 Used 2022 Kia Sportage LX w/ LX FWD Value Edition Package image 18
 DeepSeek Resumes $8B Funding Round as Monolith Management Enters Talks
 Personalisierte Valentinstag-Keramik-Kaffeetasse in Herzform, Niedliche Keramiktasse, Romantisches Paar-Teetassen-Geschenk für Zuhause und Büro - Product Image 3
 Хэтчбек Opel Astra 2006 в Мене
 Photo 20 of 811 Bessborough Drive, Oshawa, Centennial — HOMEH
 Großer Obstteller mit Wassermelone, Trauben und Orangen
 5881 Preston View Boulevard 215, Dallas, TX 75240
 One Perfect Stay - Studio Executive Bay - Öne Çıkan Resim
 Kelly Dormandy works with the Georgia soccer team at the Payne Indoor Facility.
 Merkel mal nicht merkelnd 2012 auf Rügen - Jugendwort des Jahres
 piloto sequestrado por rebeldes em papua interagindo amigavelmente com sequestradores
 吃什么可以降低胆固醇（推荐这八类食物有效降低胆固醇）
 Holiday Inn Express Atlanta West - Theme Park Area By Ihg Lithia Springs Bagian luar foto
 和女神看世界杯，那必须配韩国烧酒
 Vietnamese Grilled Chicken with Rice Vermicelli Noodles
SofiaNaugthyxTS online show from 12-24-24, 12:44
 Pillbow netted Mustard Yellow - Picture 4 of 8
━━━━━━━━━━━━━━━━━━━━
For the string "with", find every line of the material that contains it, and copy each one.

 Kelly Dormandy works with the Georgia soccer team at the Payne Indoor Facility.
 Vietnamese Grilled Chicken with Rice Vermicelli Noodles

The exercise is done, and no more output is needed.